Here are two closely related methods to derive the formulas for summations of sequences of natural number powers of integers from 0 - n.

Method 1: A "bottom-up" approach...

We may state:

$\displaystyle\sum_{k=0}^n(k)=\sum_{k=0}^n(k+1)-(n+1)$

$\displaystyle\sum_{k=0}^n(k)=\sum_{k=0}^n(k)+\sum_{k=0}^n(1)-(n+1)$

$\displaystyle0=\sum_{k=0}^n(1)-(n+1)$

$\displaystyle\sum_{k=0}^n(1)=n+1$

Now we may compute:

$\displaystyle\sum_{k=0}^n(k)$

We may state:

$\displaystyle\sum_{k=0}^n\left(k^2 \right)=\sum_{k=0}^n\left((k+1)^2 \right)-(n+1)^2$

$\displaystyle\sum_{k=0}^n\left(k^2 \right)=\sum_{k=0}^n\left(k^2+2k+1 \right)-(n+1)^2$

$\displaystyle\sum_{k=0}^n\left(k^2 \right)=\sum_{k=0}^n\left(k^2 \right)+2\sum_{k=0}^n(k)+\sum_{k=0}^n(1)-(n+1)^2$

$\displaystyle2\sum_{k=0}^n(k)=-\sum_{k=0}^n(1)+(n+1)^2$

Now, using our previous result, we have:

$\displaystyle2\sum_{k=0}^n(k)=-(n+1)+(n+1)^2$

$\displaystyle2\sum_{k=0}^n(k)=(n+1)\left(-1+(n+1) \right)$

$\displaystyle2\sum_{k=0}^n(k)=(n+1)(n)$

$\displaystyle\sum_{k=0}^n(k)=\frac{n(n+1)}{2}$

Now we may continue and find:

$\displaystyle\sum_{k=0}^n\left(k^2 \right)$

$\displaystyle\sum_{k=0}^n\left(k^3 \right)=\sum_{k=0}^n\left((k+1)^3 \right)-(n+1)^3$

$\displaystyle\sum_{k=0}^n\left(k^3 \right)=\sum_{k=0}^n\left(k^3+3k^2+3k+1 \right)-(n+1)^3$

$\displaystyle\sum_{k=0}^n\left(k^3 \right)=\sum_{k=0}^n\left(k^3 \right)+3\sum_{k=0}^n\left(k^2 \right)+3\sum_{k=0}^n(k)+\sum_{k=0}^n(1)-(n+1)^3$

$\displaystyle3\sum_{k=0}^n\left(k^2 \right)=-3\sum_{k=0}^n(k)-\sum_{k=0}^n(1)+(n+1)^3$

Using our previous results, we have:

$\displaystyle3\sum_{k=0}^n\left(k^2 \right)=-3\left(\frac{n(n+1)}{2} \right)-(n+1)+(n+1)^3$

$\displaystyle3\sum_{k=0}^n\left(k^2 \right)=(n+1)\left(-\frac{3n}{2}-1+(n+1)^2 \right)$

$\displaystyle3\sum_{k=0}^n\left(k^2 \right)=(n+1)\left(-\frac{3n}{2}-1+n^2+2n+1 \right)$

$\displaystyle3\sum_{k=0}^n\left(k^2 \right)=(n+1)\left(n^2+\frac{n}{2} \right)$

$\displaystyle3\sum_{k=0}^n\left(k^2 \right)=\frac{n(n+1)(2n+1)}{2}$

$\displaystyle\sum_{k=0}^n\left(k^2 \right)=\frac{n(n+1)(2n+1)}{6}$

We may continue this process, to find further power summations.

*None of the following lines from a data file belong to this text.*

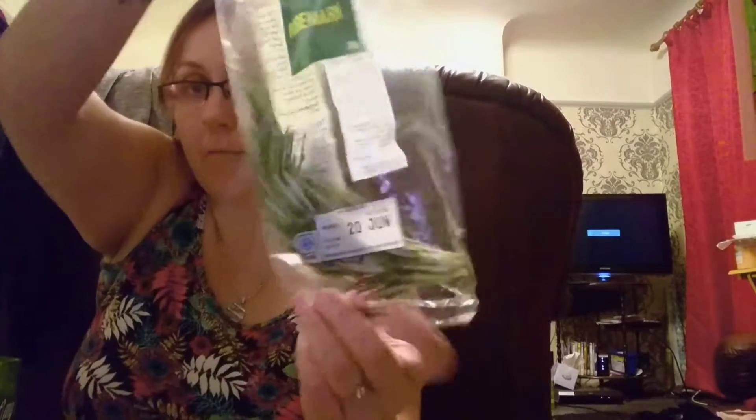I also got rosemary, which was like 90 pence, also down to 5 pence. And this was 85 pence, which is a cauliflower and broccoli mix. I got some - this is going to go quickly in the fridge.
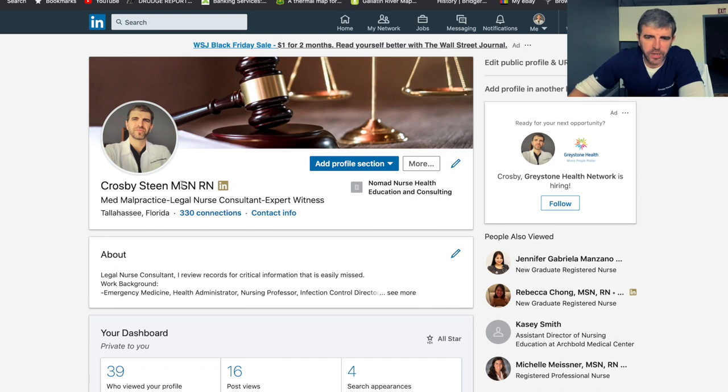You can see I have Crosby Steen MSN RN. Keep in mind, I do my nomad nurse business — Nomad Nurse Health Education and Consulting. I don't need to market my CPR business to the professionals on LinkedIn. So that's why I specifically market myself to professionals such as lawyers and med malpractice lawyers, and let them know immediately when they come to my profile they can see: med malpractice legal nurse consultant, expert witness. Even though I do the CPR business and the ACLS stuff, I'm not marketing towards that here on LinkedIn.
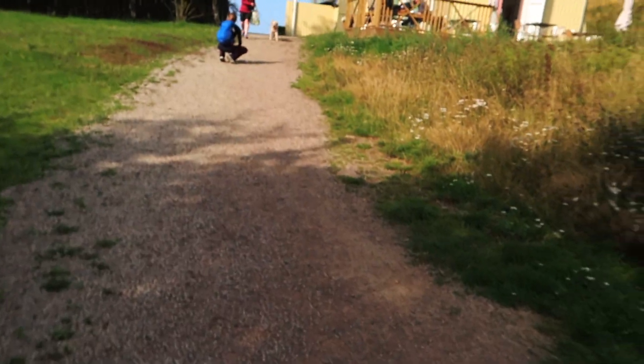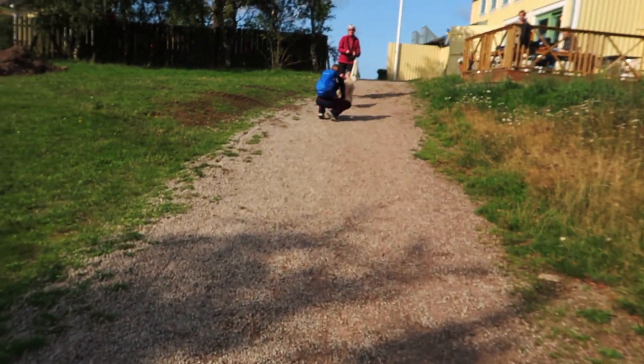Okay guys, the trip is almost over — we are on top of the mountain! Let's go take a look at the lighthouse. Alright — oh, that's the dog! That's Hugo, that's the old dog.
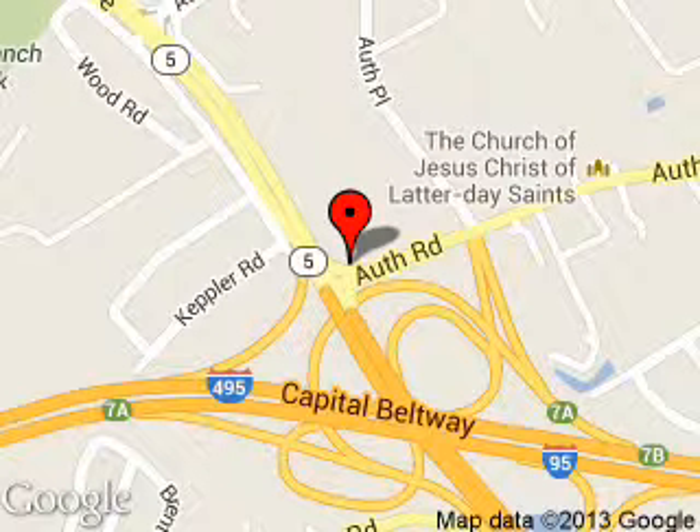We are located at 5000 Auth Road, Suitland, Maryland 20746. Thanks.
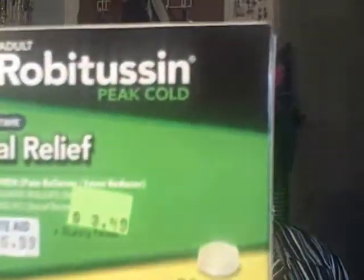I saw this Vicks NyQuil — Nature Fusion Cold — and as you can see it was originally $9.49, which I think is totally ridiculous. They had it on clearance for $2.37, and I had a coupon for a dollar off, so that made it $1.37, which I think is awesome.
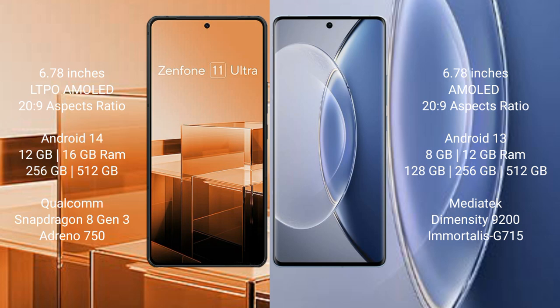The Asus Zenfone 11 Ultra runs on the Android 14 operating system, while the Vivo X90 runs on the Android 13 operating system.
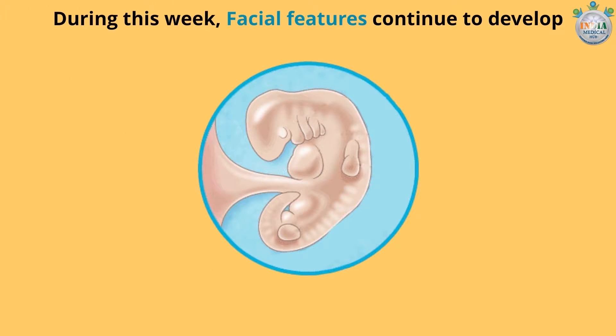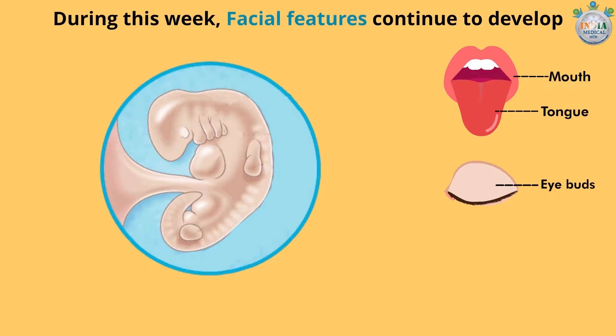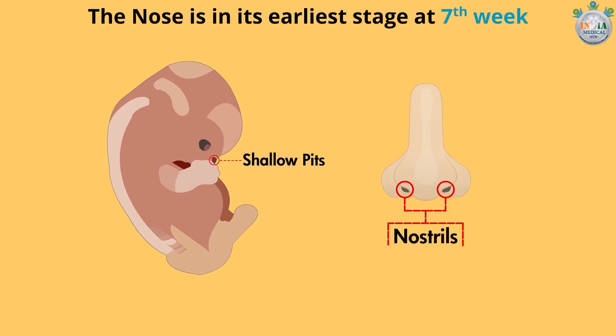Facial features continue to develop. The mouth and tongue of your baby may begin to form this week. The eye buds are becoming more distinct, including the retina and lens. The nose is in its earliest stage at seven weeks. Shallow pits have appeared on the tip of your baby's face, which will later become nostrils.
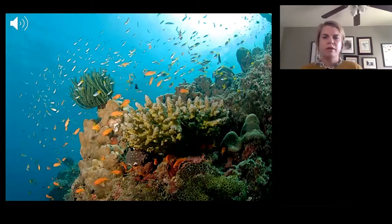Coral reefs, like the one that you see in this picture, have lots of different animals in them. Some of them you can see, like these fish, but some of them you can only hear. So listen closely.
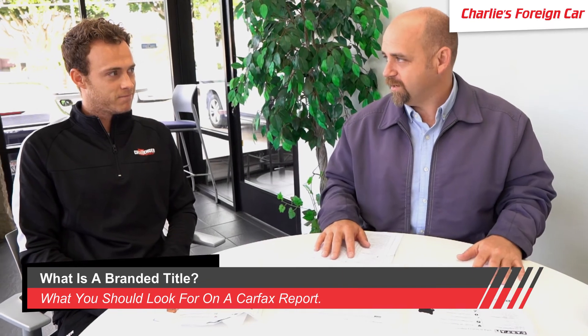Sean hasn't found another car yet but still likes Volkswagen and is looking more toward certified pre-owned. When he finds another car, he's going to bring it in for the same inspection to make sure it doesn't have a buyback and that everything is dialed in.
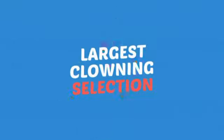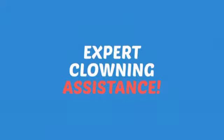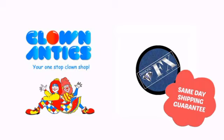Need more reasons to shop with us? With the largest selection of clown supplies, expert clown assistants and guides, we help you make people smile. So clown around with us at Clown Antics.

Method 2: A recursion approach...

Suppose we want to find:

$\displaystyle S_n=\sum_{k=0}^n\left(k^3 \right)$

We may use the inhomogeneous recursion to state:

$\displaystyle S_n=S_{n-1}+n^3$

Now, we may use symbolic differencing to ultimately derive a homogeneous recursion.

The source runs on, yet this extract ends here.